[Opening Listed records section]

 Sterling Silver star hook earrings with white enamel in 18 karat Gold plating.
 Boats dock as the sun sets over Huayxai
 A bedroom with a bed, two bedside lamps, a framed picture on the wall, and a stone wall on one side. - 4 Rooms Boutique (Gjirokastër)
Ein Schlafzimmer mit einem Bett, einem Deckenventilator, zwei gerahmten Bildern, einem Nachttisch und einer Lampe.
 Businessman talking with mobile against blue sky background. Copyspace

[Closing Listed records section]
[Opening Listed records section]

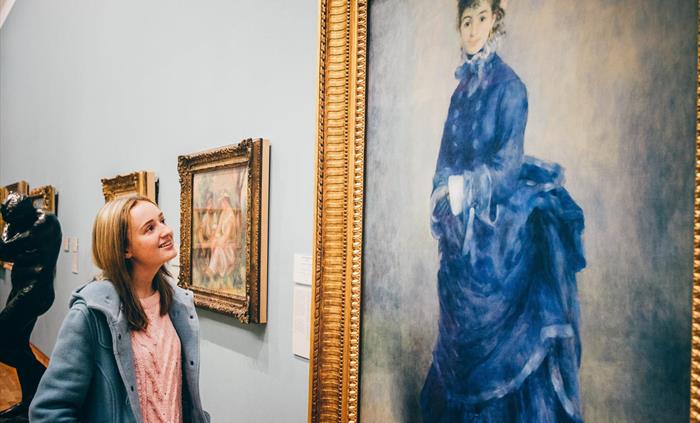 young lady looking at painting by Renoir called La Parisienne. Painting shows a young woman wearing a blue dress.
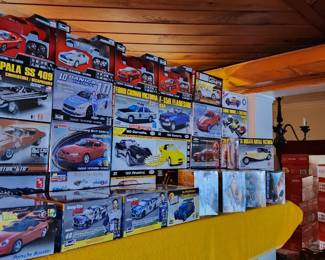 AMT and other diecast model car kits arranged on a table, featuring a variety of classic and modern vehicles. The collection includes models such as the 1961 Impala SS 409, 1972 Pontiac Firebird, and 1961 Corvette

[Closing Listed records section]
[Opening Listed records section]

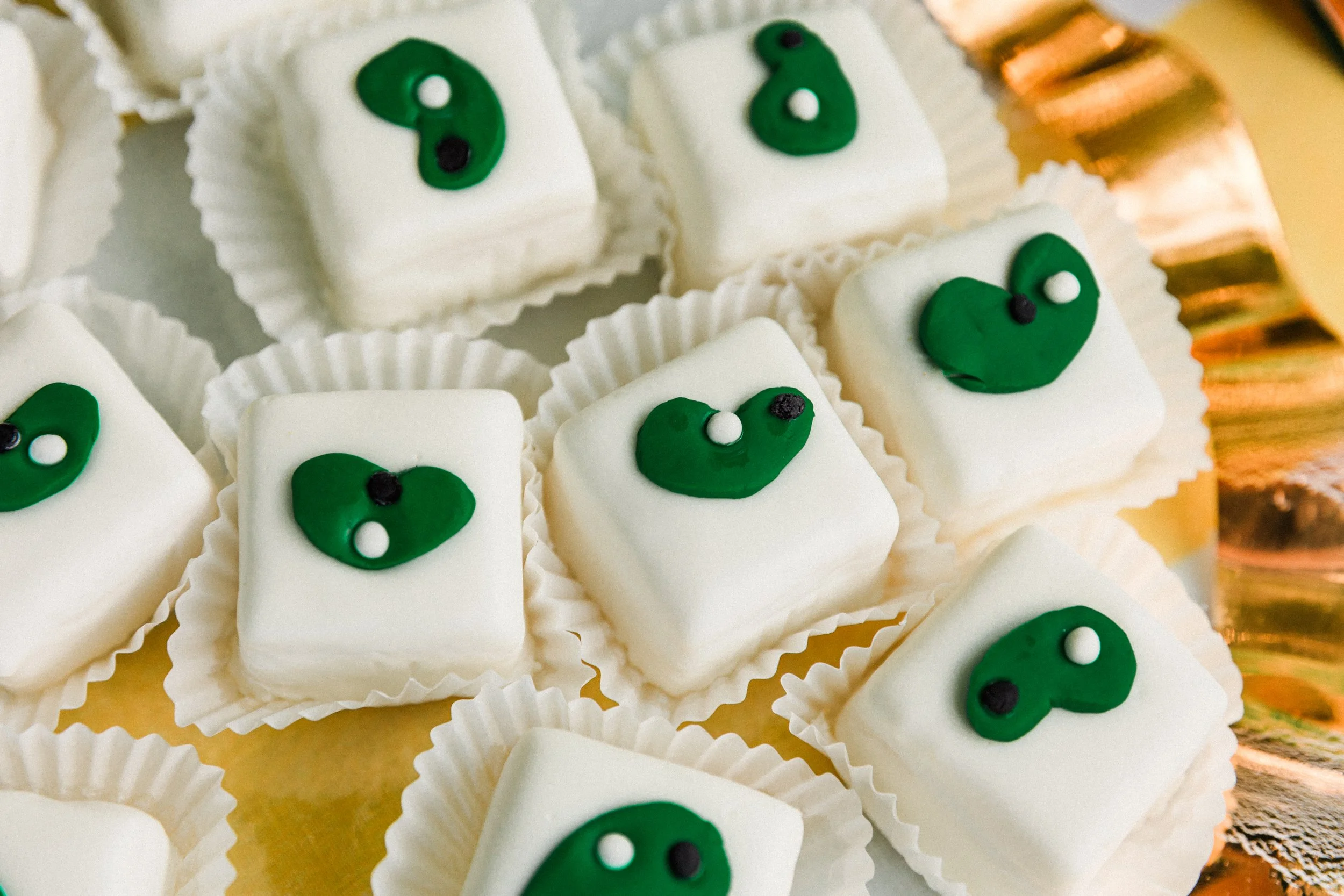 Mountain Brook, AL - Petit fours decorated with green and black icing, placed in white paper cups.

[Closing Listed records section]

Required work
Taking the lines above, repeat exactly those from the line that contains "Ein Schlafzimmer mit" through the line that contains "Businessman talking with", and both of those lines as well. Include nothing else.

Result
Ein Schlafzimmer mit einem Bett, einem Deckenventilator, zwei gerahmten Bildern, einem Nachttisch und einer Lampe.
 Businessman talking with mobile against blue sky background. Copyspace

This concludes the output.